Once the script determined the cluster on which the job should run, it would generate an Oozie workflow from a template that would run the user’s job.  This occurs transparently to the user so that they do not have to be concerned about the details of the workflow definition.  The script then submits this generated workflow to Oozie, and the job runs.  The change most visible to users in this process is that the client logs no longer appear in their terminal as the job executes.  We considered trying to stream them from the cluster during execution, but to minimize complexity the script prints a link to the logs on the cluster after the job completes.

Other Options

While using Oozie ended up being the best choice for us, there were several other approaches we considered.

Apache Knox

Apache Knox is a gateway for Hadoop REST APIs.  The project primarily focuses on security, so it’s not an immediate drop-in solution for this problem.  However, it provides a gateway, similar to a reverse proxy, that maps externally exposed URLs to the URLs exposed by the actual Hadoop clusters.  We could have used this functionality to define URLs for an “ad hoc” cluster and change the Knox configuration to point that to the appropriate cluster. Nevertheless, we felt Knox was not a good choice for this problem.  Knox is a complex project with a lot of features, but we would have been using only a small subset of these.  Furthermore, we would be using it outside of its intended use case, which could complicate applying it to solve our problem.  Since we did not have experience operating Knox at scale, we felt it would be better to stick with Oozie, which we already understood and would not have to shoehorn into our use case.

Custom Job Submission Server

We also considered implementing our own custom process to both manage the state of which cluster was currently active for ad hoc jobs as well as handling centralized job submission.  While this would have provided the most flexibility, it also meant building a lot of new infrastructure.  We would have essentially been reimplementing Oozie, but without any of the community testing or support.  Since we were already using Oozie and it met all our requirements, there was no need to build something custom.

Gateway Server

The final approach we considered was having a “gateway server” and requiring users to SSH to that server and launch jobs from there instead of from their VM.  This would have simplified the infrastructure components for job submission.  The Hadoop configuration changes to point ad hoc job submissions to the appropriate cluster or disable job submission entirely would only need to be deployed there.  By its very nature it would provide a central location for the client logs.  However, we would have to manage scaling and load balancing for this approach ourselves.  Furthermore, it would represent a significant departure from how development is normally done at Etsy.  Allowing users to write and run Hadoop jobs from their VM is important for keeping Hadoop as accessible as possible.  Adding the additional step of moving changes and SSH-ing to a gateway server compromises that goal.

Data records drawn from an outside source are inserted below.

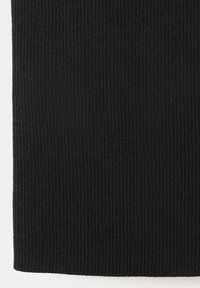 Gros plan sur un tissu en maille côtelée noire avec des lignes texturées verticales.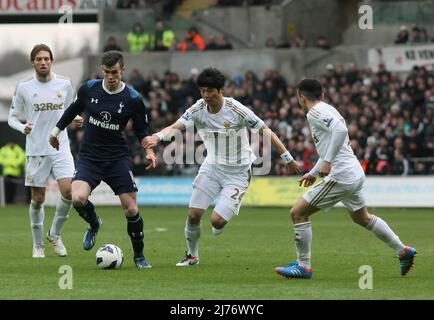 30. März 2013 - Fußball - Barclays Premiership Fußball - Swansea City Vs. Tottenham Hotspur - Gareth Bale von Tottenham Hotspur versucht, vorbei zu kommen, als Sung Yueng Ki von Swansea City sich seinen Arm greift. - Foto: Paul Roberts / Pathos. Stockfoto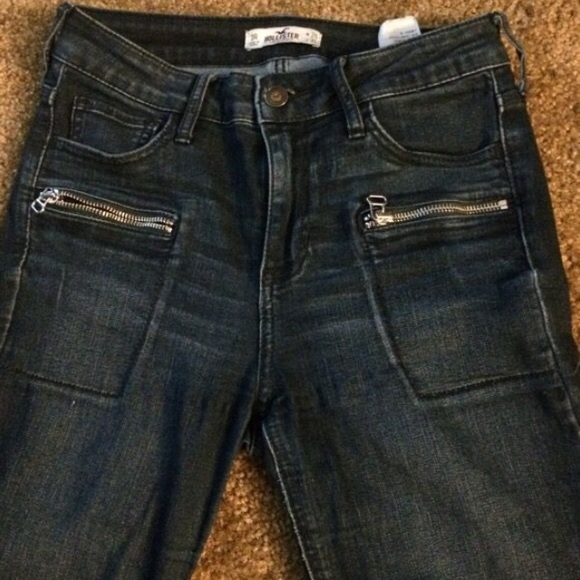 High waisted Hollister jeans - Picture 2 of 3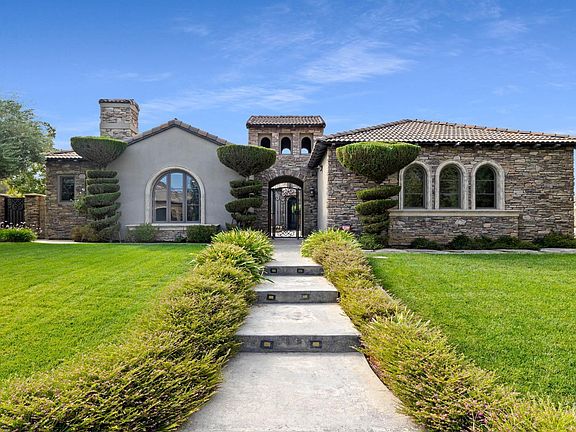 4th image of 9253 Cortona Ct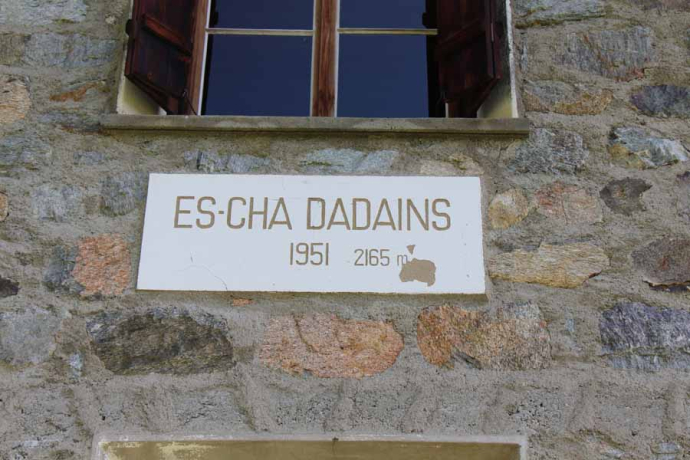 Es-cha Dadains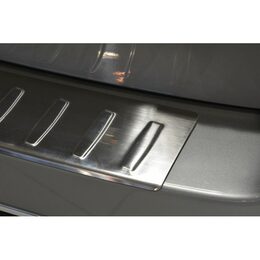 Ochranná lišta hrany kufru - Toyota Auris II Combi Touring Sports r.v. 2013-2015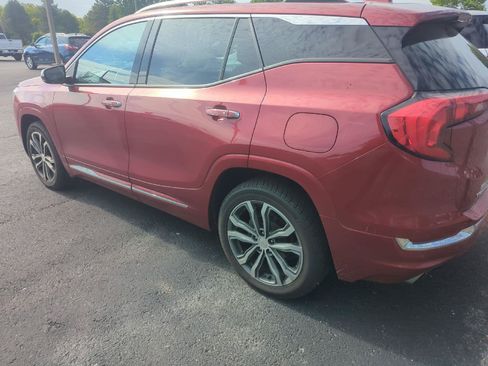 Used 2019 GMC Terrain Denali w/ Advanced Safety Package AWD/4WD image 5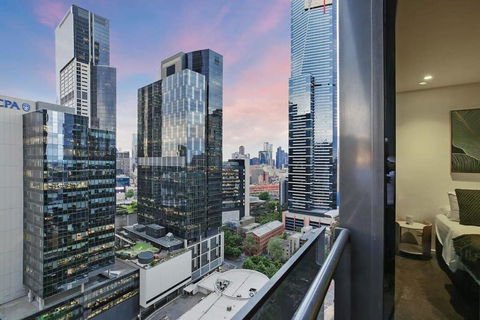 A Modern 2BR Apt With City Views FREE Parking - Accommodation Melbourne 1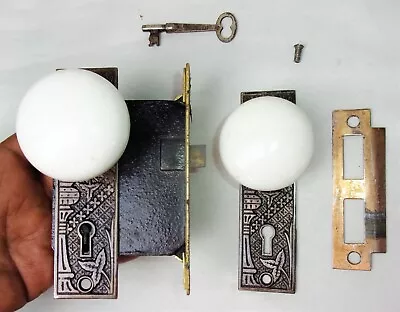 Antique Set EASTLAKE Backplates White Porcelain Door Knobs Mortise Lock W/ Key • 164.99$
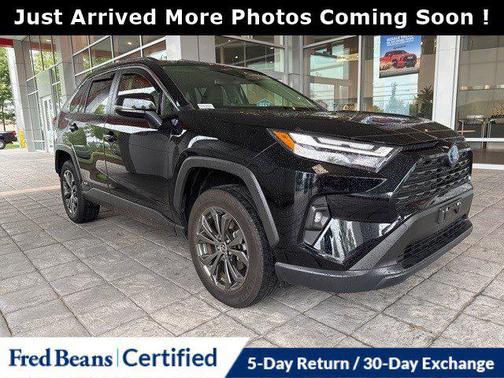 2023 Toyota RAV4 Hybrid XLE Premium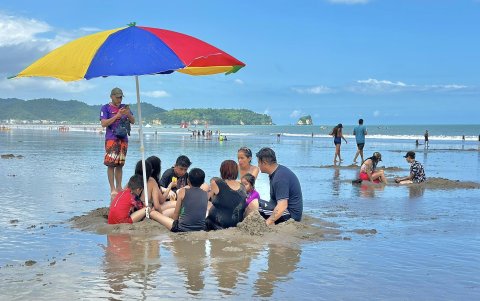 Así luce la playa de Atacames.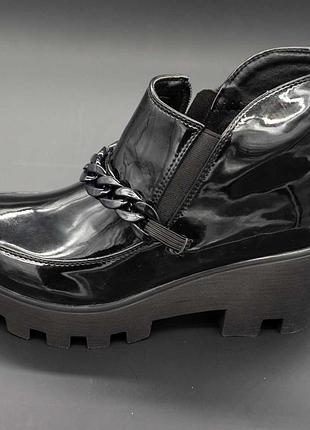 Женские черные ботинки demiroza k1015 40. размеры в наличии: 35, 36, 37, 38, 39, 40.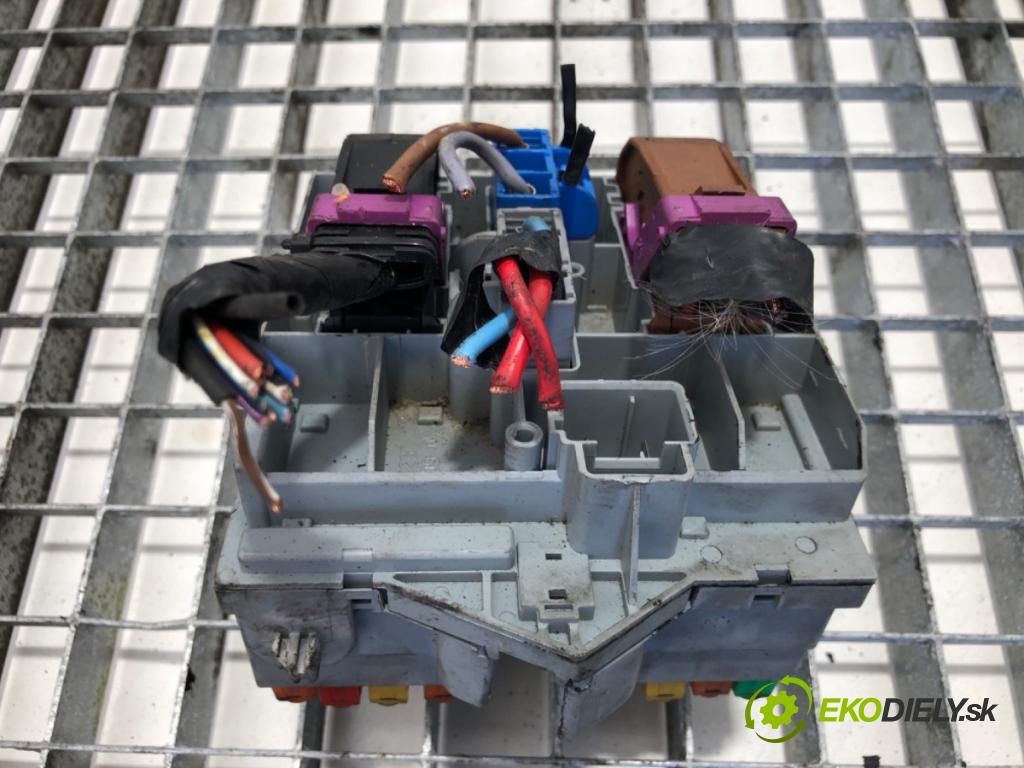 PEUGEOT BOXER II Skrzynia 2007 88 kW 2.2 HDi 120 2198 skříňka poistková  (Pojistková skříňka)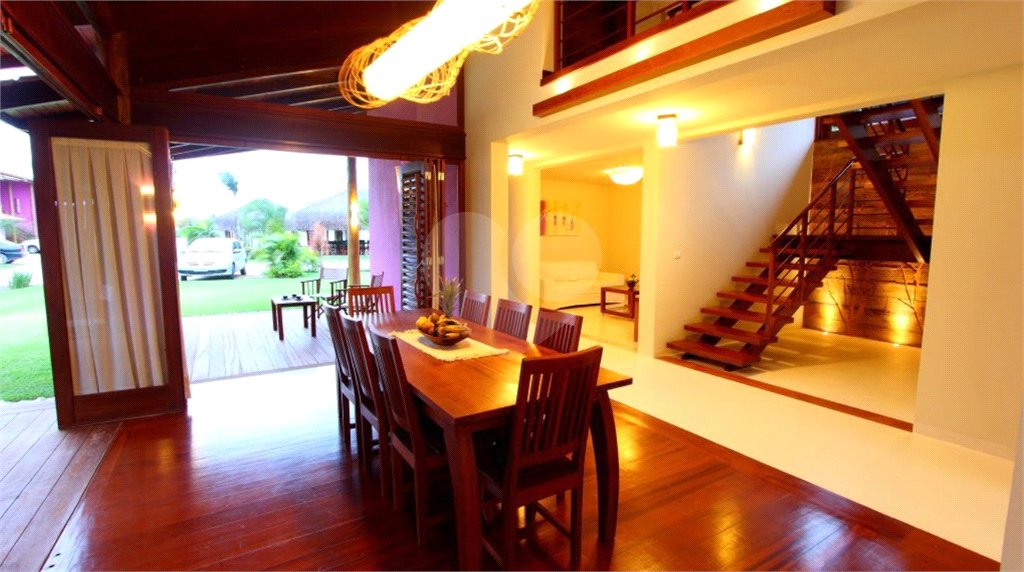 Casa à venda com 4 quartos, sendo 2 suítes, em Praia do Mutá, Porto Seguro, BA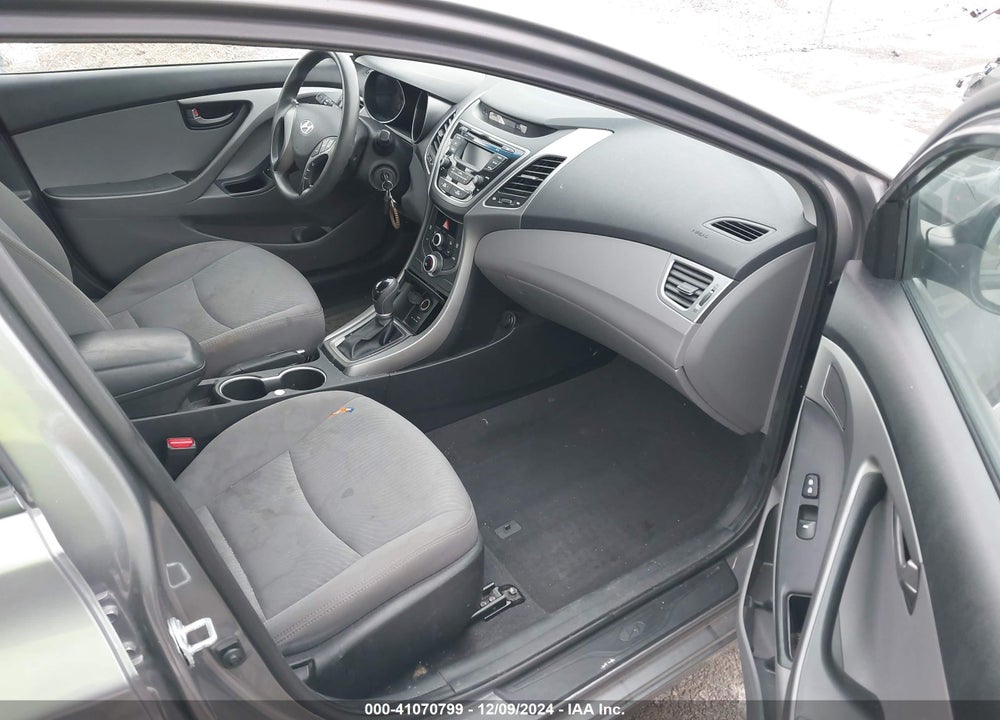 2014 HYUNDAI ELANTRA SE VIN: 5NPDH4AE4EH515203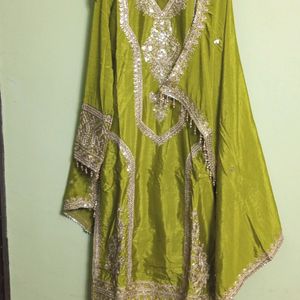 New/Unused Embroidery Kurta Full Set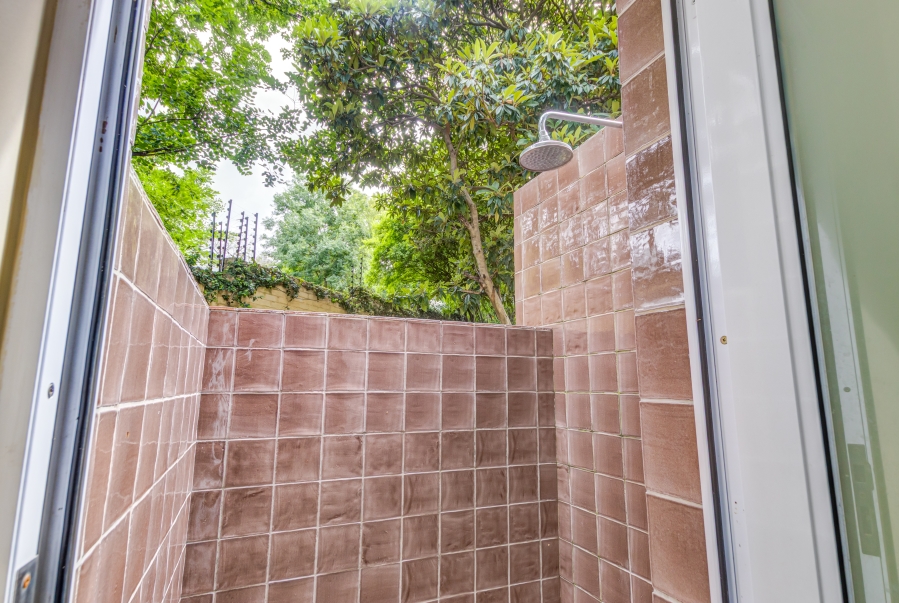 5 Bedroom Property for Sale in Bryanston Gauteng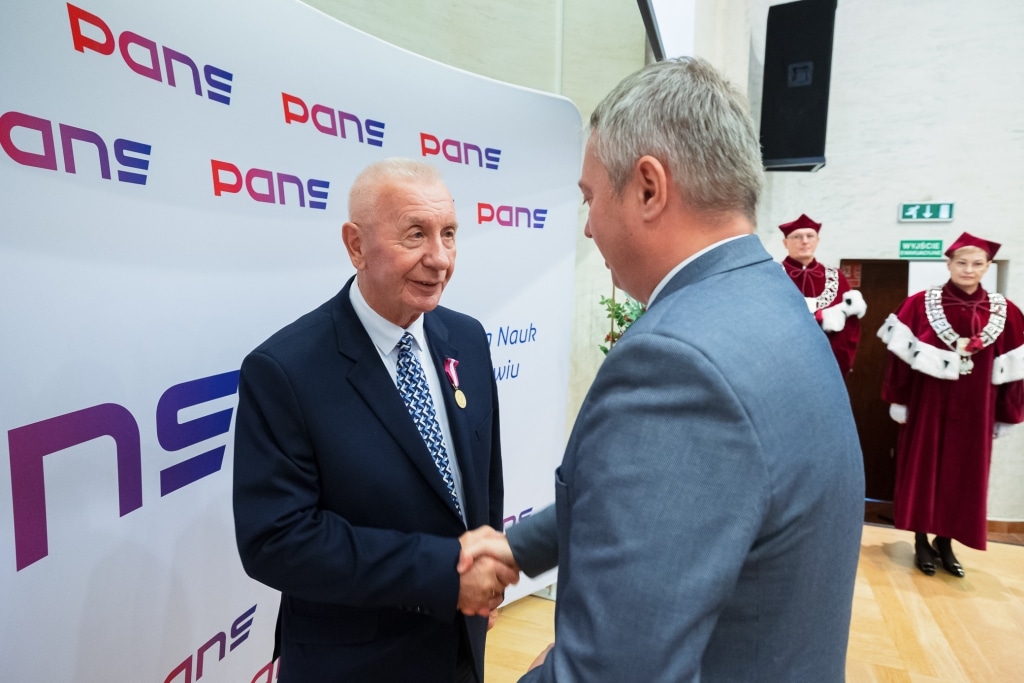Wręczenie odznaczenia podczas Inauguracji Roku Akademickiego PANS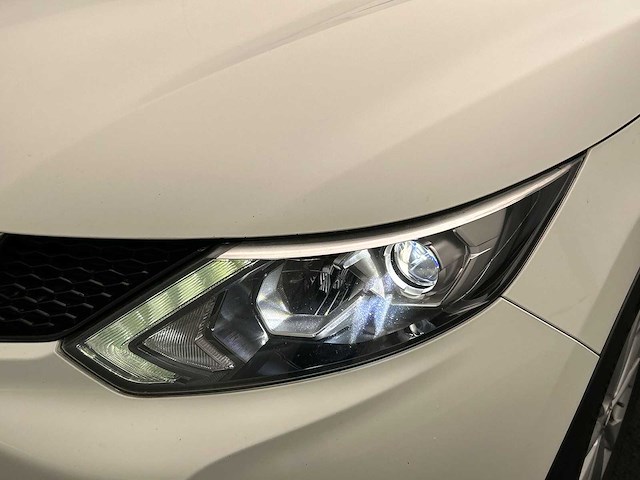 Nissan qashqai 1.2 tekna 2015 | zh-575-h - afbeelding 20 van  41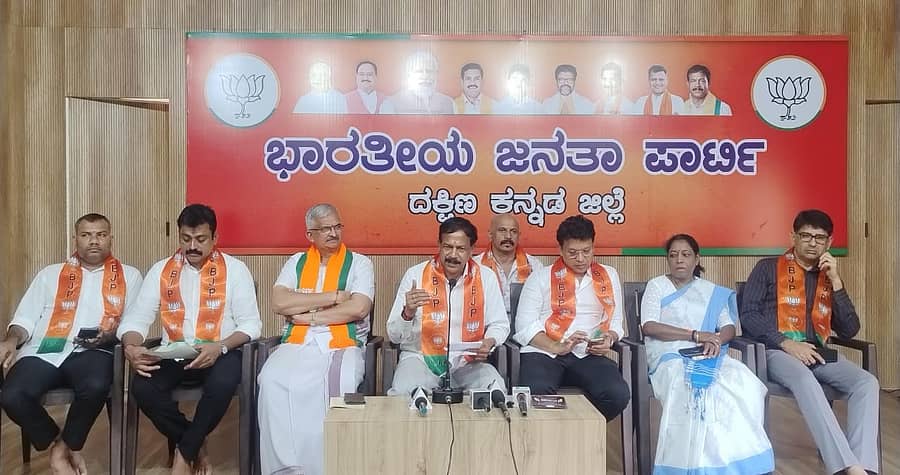 ಸುದ್ದಿಗೋಷ್ಠಿಯಲ್ಲಿ ಸತೀಶ್‌ ಕುಂಪಲ ಮಾತನಾಡಿದರು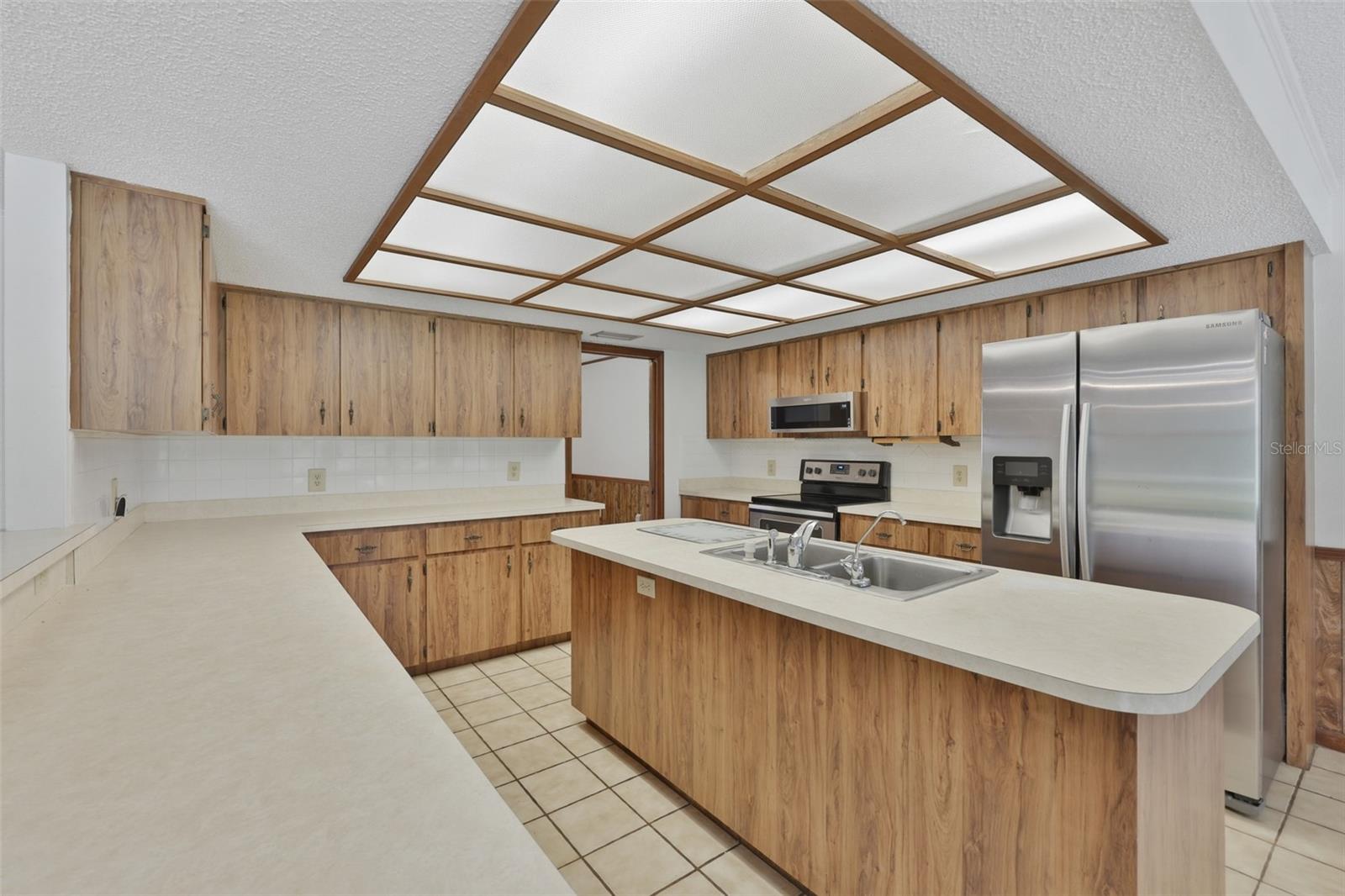 ACREAGE - NOT IN SUBDIVISION - Residential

Using Oozie to manage ad hoc job submission in this way has worked well for us.  Reusing the Oozie infrastructure we already had let us quickly build this out, and having this new process for running jobs made the transition to having two Hadoop clusters much easier.  Moreover, we were able to keep the process of submitting an ad hoc job almost identical to the previous process, which minimized the disruption for users of Hadoop. As we were developing this, we found that there was only minimal discussion online about how other organizations have managed ad hoc job submission with multiple clusters.  Our hope is that this review of our approach as well as other options we considered is helpful if you are in the same situation and are looking for ideas for your own process of ad hoc job submission.